Jacob fathered Joseph, the husband of Mary. Joseph is described as Mary’s husband, not the father of Jesus, a "step dad" of sorts. The incarnation required that Jesus be conceived not by man but by the Holy Spirit. God begotten from God. Two Messianic prophesies were fulfilled through this young, blue collar couple: a virgin birth and Jesus coming from the tribe of Judah. Mary, the fifth and final woman in the ancestry, is the only Jewish female listed. God used an ordinary, small-town girl to accomplish an extraordinary and completely sufficient redemption plan for all mankind (Isaiah 7:14, Luke 2:1-7).
What does this lineage say about Jesus and about us?
First, it shows that all – even the relatives of Jesus - have fallen short of God’s glory. But God chose to use them anyway, grafted them right into His family and called them beloved. Not a single one of us comes close to the holiness of God; therefore, we should forgive as we have been forgiven, accept as we've been accepted, and let mercy abound to those around us.
Jesus came, while we were eating forbidden fruit, breaking family branches and playing god. Jesus came for all: man and woman, rich and poor, the prostitute and the patriarch, the priest and the prisoner. He uses the weak, outcast and dysfunctional to accomplish His purposes. We should never underestimate His grace or withhold it from others.
Second, Jesus came to fulfill the law for us. We cannot keep it on our own. While faithful, praying parents and relatives are certainly something to be desired, they are not an insurance policy against offspring’s future legalism or licentiousness.
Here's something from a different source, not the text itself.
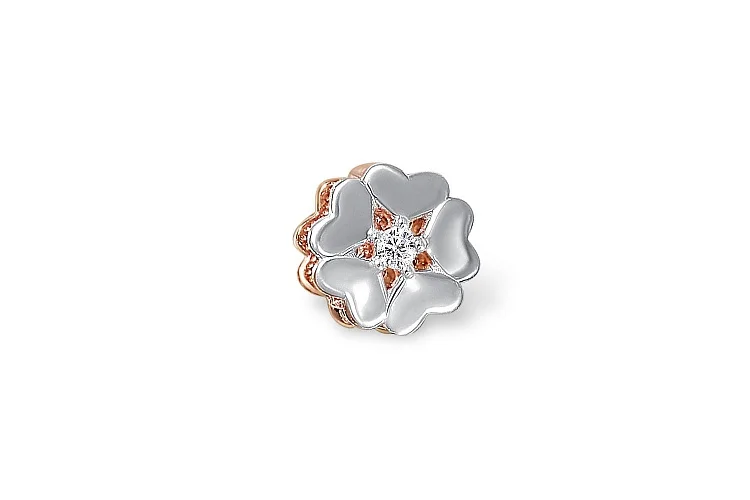 Подвеска Цветок из красного золота с бриллиантом и рубином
As Paul said, we should put no confidence in the flesh - or our earthly heritage - but only in knowing Jesus (Philippians 3:3).
Conversely, pagan parents aren’t a spiritual death sentence for their children either. Our relationship with Jesus is personal and is set by His plans and our free will, not solely by our upbringing.
Third, we inherit our spiritual DNA and, therefore, our identity, from Jesus. His Spirit is the One who gives birth to us spiritually and sanctifies us daily, so that we will live eternally. Once saved, your family or bank account or accomplishments or disasters don’t define you.
The family line in Matthew 1 shows that Jesus offers Himself to every one of us. Not just once, but over and over again. He is our life source. He is our true and better father, brother, mother and sister. He is the vine who wraps Himself around our lifeless branches and holds us and keeps us and restores us to Him.
“Once you had no identity as a people; now you are God’s people. Once you received no mercy; now you have received God’s mercy” (I Peter 2:10).
Know that your family line, good or bad, doesn’t define you. But the genealogy of Jesus does. It says come one, come all. Abide. His grace is enough.